Gourmet F & D Quiz: This week’s question
Where were French fries invented.

Szathmary Culinary Manuscripts and Cookbooks
‘Handwritten cookbooks, ca. 1600s-1960s, documenting culinary history in America and Europe and how tastes have changed over the years. Help improve access to these historic documents by transcribing handwritten pages, reviewing transcriptions (look for items marked "Needs Review"), and correcting typewritten text.’

I wish I had the time to put into what looks like a terrific project – anyone know if any library in Aus is doing something like this – there must be similar handwritten cookbooks out there.


And if you haven’t checked it out before you might like to see the ebook I have done of my grandmother’s cookbook. http://issuu.com/foodwriter/docs/the_recipe_book_of_ad_de_la_harpe_first_edition_20
 
Putting Food on the Table. Food Security is Everyone’s Business. The Inaugural Food Security Conference of the Right to Food Coalition. 13-14th October 2014
I couldn’t get to the Conference so it’s great that the presentations have been put up so soon. Here’s some that I have had a look at and recommend watching.

A terrific challenging presentation by Brigit Bussichia on the institutionalising of food banks as a way that governments can avoid scrutiny of government policies that lead to poverty which leads to food insecurity, presented at the. Thanks Kay Richardson for alerting me to it. The song at the end is a hoot!


Karen Beetson’s narrative about her experience of food insecurity as an Aboriginal woman is a salutary reminder that food insecurity is not a new phenomenon in Australia.  It is one of those talks whose honesty is humbling and compelling and again raises really important questions about the kinds of judgements that are made about the choices or lack thereof that people in poverty have to put good food on the table, particularly where extended family obligations are a further complication.


The full info on the conference is at http://righttofood.org.au/
  
John West and Princes accused of backtracking on tuna commitments
‘The two biggest tuna fish brands in the UK are privately looking at delaying or reviewing public commitments to eliminate the use of controversial fishing methods, leaked documents show. In 2011, Princes and John West pledged to phase out the use of purse seine nets and fish aggregation devices (FADs) which are used to attract tuna but can inadvertently lead to the deaths of other marine life such as sharks, rays and turtles. Each company has around a third of the UK market share for tinned tuna.’
Looking forward to Matthew Evans up-coming program on Aus fishing practices. Meantime, I reckon I can reject the fish John West catches.

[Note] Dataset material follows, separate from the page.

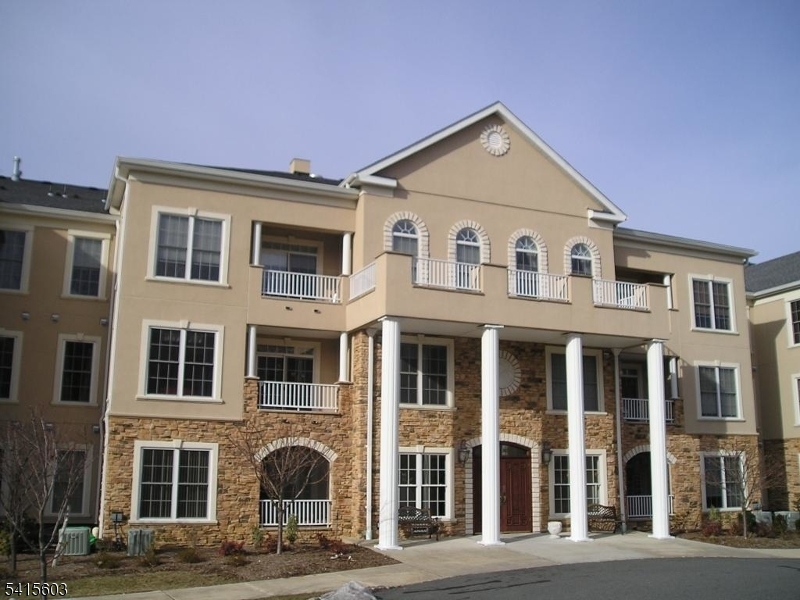 FOX HILLS - Residential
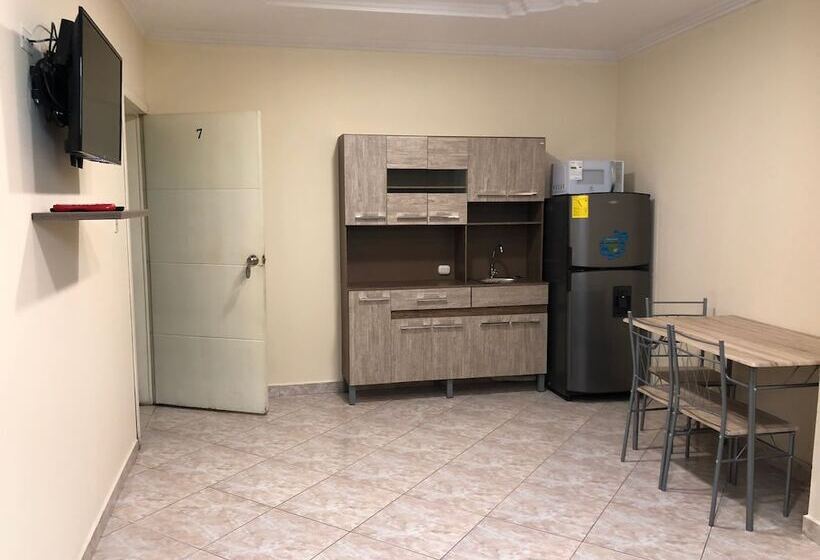 Hotel Lodging Ecuador Habitaciones & Suites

Are solar farms really hitting British food production?
‘The environment secretary, Liz Truss, has stripped farmers of subsidies for solar farms, saying they are a “blight” that was pushing food production overseas. But the new minister has fundamentally misunderstood the way solar farms operate, according to the solar industry and farmers.... “This misguided attack by the environment secretary deliberately ignores the fact that the planning system is already there to prevent unsightly and overly dominant solar farms or their deployment on high-quality productive agricultural land. Where they do go ahead on poorer grade soils, planning conditions should ensure that they boost biodiversity and revert back to their original use when appropriate.”
The environment secretary, it is revealed at the end of the article, is a former ‘oil executive’...nope, no conspiracy theory to see, here, move along please.

 
Analysis: Maps of Australian language – swimmers versus cozzies, scallops versus potato cakes
‘The terms for the fried potato snack show a divide between the southern states, with potato cake favoured in Victoria and southern New South Wales, changing to scallop or potato scallop in NSW through to Queensland. South Australians maintain some individuality with the term potato fritter.’

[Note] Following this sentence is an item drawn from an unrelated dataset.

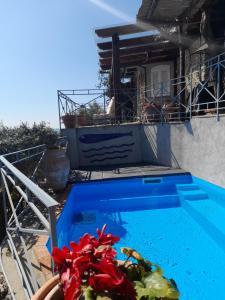 Hồ bơi trong/gần Villa Oliver - Breathtaking small Pool 14 sqm Hydromassage on the Rock - Amalfi Coast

The Greek caff at Liverpool railway station knew they were scallops, thank heaven...and yes, they were cooked in god-knows-how-old-oil and the more flavoursome for it, doused in malt vinegar (none of your foofy balsamic), and crusted with salt, all wrapped in butcher’s paper (I knew butcher’s were on the way out when it began being called ‘flip-chart’ paper) that of course was guaranteed not to last the distance from the shop to home via the back of the bus – and I hesitate to think where we wiped our fingers but let’s just say brylcreem came a poor second.


Faith and fears in Wendell Berry’s Kentucky
‘Berry told the conference that when the industrial food system finally reckons with its limitations and breathes its last breath, there needs to be a knowledgeable community pushing the way forward. “That’s why this little nucleus of people is so important,” he said.’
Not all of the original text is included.